Debt Outstanding Business 012109

Source: Bloomberg

Click To Enlarge Chart

Federal Debt

The deleveraging from the private sector is being offset by the leveraging up of public debt. Luckily for President Obama, Fed Chairman Bernanke and Treasury Head Timothy Geithner, Federal Government debt as a percent of GDP is actually relatively low. Current Federal Government debt as a percent of GDP stands at 40% or $5.8 trillion. Be aware that this figure is not the $9.4 trillion figure widely quoted as "public debt." The $5.8 trillion number does not include State and Local Debt, nor does it include debt owed to the government itself, such as in the Social Security Trust Fund. The amount of Federal Debt actually compares favorably to other developed countries. For instance, Germany’s debt relative to GDP stands at 60% and other European countries stand at over 100%. Most amazingly, Japan’s two decade long fight against deflation has increased its level of Federal Debt to GDP to over 160%.

Debt as a percent of GDP Japan

Source: Bloomberg

Click To Enlarge Chart

The fact that Federal Debt is actually a relatively low percent of GDP partially explains why the US government debt is still considered a “safe haven.” The US government actually has the ability to continue leveraging up. If it were to expand its balance sheet to the level of Japan’s, it could borrow over $17 trillion more. This level of borrowing seems unrealistic but it does go to show that the Federal government does have room to maneuver. It also explains why, despite the huge deficits projected by the Obama administration, the dollar has remained relatively strong.

State and Local Debt

The final layer of debt measured by the Federal Reserve is State and Local Debt. At $16.9 billion, this also seems well under control relative to GDP. Most states are not allowed to run budget deficits and many governments were aided by the housing boom in expanding revenues. That spending will have to contract to keep the ratio in line relative to GDP.

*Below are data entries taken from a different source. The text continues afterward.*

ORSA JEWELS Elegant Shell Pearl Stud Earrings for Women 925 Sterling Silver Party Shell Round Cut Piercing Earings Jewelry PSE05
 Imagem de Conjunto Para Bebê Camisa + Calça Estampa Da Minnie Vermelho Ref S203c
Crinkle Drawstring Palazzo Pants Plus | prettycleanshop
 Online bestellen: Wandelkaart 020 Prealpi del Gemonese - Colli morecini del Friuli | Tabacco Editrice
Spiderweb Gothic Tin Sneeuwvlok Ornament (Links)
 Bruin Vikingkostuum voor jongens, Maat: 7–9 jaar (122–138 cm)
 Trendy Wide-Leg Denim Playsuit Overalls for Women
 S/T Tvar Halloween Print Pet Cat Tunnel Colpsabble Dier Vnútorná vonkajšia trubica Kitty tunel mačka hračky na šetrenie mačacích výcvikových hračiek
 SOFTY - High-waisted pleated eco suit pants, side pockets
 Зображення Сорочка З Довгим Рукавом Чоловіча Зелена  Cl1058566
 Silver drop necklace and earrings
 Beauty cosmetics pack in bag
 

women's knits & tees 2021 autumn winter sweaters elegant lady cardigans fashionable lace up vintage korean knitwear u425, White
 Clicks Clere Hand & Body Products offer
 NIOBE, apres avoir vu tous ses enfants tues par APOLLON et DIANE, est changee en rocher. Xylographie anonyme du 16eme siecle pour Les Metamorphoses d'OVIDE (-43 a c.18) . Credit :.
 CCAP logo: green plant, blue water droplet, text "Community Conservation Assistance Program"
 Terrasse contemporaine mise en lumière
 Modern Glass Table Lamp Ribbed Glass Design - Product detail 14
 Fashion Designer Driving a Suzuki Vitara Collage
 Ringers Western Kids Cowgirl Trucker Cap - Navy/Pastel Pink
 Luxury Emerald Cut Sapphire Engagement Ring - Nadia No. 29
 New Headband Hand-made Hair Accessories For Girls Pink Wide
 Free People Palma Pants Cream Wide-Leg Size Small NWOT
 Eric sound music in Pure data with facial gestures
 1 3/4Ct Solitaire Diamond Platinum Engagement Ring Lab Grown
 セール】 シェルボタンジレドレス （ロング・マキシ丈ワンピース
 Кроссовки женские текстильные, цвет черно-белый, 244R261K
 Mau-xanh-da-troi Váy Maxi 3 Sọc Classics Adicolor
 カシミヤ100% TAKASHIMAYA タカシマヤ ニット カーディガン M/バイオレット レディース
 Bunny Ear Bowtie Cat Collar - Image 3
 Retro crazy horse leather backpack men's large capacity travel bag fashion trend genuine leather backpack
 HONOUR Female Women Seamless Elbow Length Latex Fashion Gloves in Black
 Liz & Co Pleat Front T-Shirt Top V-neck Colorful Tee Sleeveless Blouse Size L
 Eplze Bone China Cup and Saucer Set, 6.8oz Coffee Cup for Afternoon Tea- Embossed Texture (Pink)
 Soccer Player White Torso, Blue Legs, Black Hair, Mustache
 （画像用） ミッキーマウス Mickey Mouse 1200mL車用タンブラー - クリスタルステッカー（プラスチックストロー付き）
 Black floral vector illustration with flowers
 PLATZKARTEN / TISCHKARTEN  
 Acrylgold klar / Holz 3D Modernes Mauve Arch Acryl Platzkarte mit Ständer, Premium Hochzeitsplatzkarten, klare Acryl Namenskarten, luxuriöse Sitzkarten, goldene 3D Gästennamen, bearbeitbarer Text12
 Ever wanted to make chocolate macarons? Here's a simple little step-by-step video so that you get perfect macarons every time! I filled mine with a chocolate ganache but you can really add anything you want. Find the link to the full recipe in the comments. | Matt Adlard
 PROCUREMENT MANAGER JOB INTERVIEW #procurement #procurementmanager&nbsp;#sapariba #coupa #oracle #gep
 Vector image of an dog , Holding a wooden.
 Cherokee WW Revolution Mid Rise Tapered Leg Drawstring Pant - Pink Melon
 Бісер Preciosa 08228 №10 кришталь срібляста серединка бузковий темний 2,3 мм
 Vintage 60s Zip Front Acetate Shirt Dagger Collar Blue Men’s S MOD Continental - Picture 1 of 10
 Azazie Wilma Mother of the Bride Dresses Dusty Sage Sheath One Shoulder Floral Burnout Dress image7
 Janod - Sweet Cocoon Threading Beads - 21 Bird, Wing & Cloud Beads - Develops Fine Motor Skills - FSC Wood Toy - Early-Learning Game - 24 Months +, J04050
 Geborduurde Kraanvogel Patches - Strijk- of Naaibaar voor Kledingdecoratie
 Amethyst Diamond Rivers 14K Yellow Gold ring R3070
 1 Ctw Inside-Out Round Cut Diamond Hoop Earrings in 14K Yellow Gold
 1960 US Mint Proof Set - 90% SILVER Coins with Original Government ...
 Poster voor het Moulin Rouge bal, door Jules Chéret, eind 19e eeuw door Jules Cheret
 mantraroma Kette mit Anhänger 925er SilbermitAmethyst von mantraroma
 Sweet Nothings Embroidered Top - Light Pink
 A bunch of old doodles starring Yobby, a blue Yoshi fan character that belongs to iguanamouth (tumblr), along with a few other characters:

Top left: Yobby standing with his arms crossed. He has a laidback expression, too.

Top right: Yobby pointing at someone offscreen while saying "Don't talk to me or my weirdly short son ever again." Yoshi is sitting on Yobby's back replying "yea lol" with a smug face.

Based on my back of the envelope calculations, I believe Financial, Household and Business debt will be reduced by $8 – $9 trillion over the next decade. This level of deleveraging would bring debt to GDP levels back in line with the early 1990s. However, the deleveraging of the private sector will be met by the leveraging up of the public sector. Lawrence Summers, director of the White House’s National Economic Council, confirmed this week that the government will run deficits as far as the eye can see in order to combat the deleveraging going on in the real economy.

The implications for stock market investors are rather obvious. While the consumer retrenches, retail spending will remain weak. The domestic financial sector will also remain weak as those companies continue to deleverage, impairing profitability and reducing growth. And while businesses will also see some retrenchment, the balance sheets of many US corporations remain strong. Companies with strong balance sheets should come out on the other side of this downturn in better shape than ever. Finally, while unchecked government spending is abhorrent to most every taxpayer, the Federal Government actually has the balance sheet to leverage up. That should avoid a major crisis of confidence in the solvency of the United States, at least in the upcoming four years.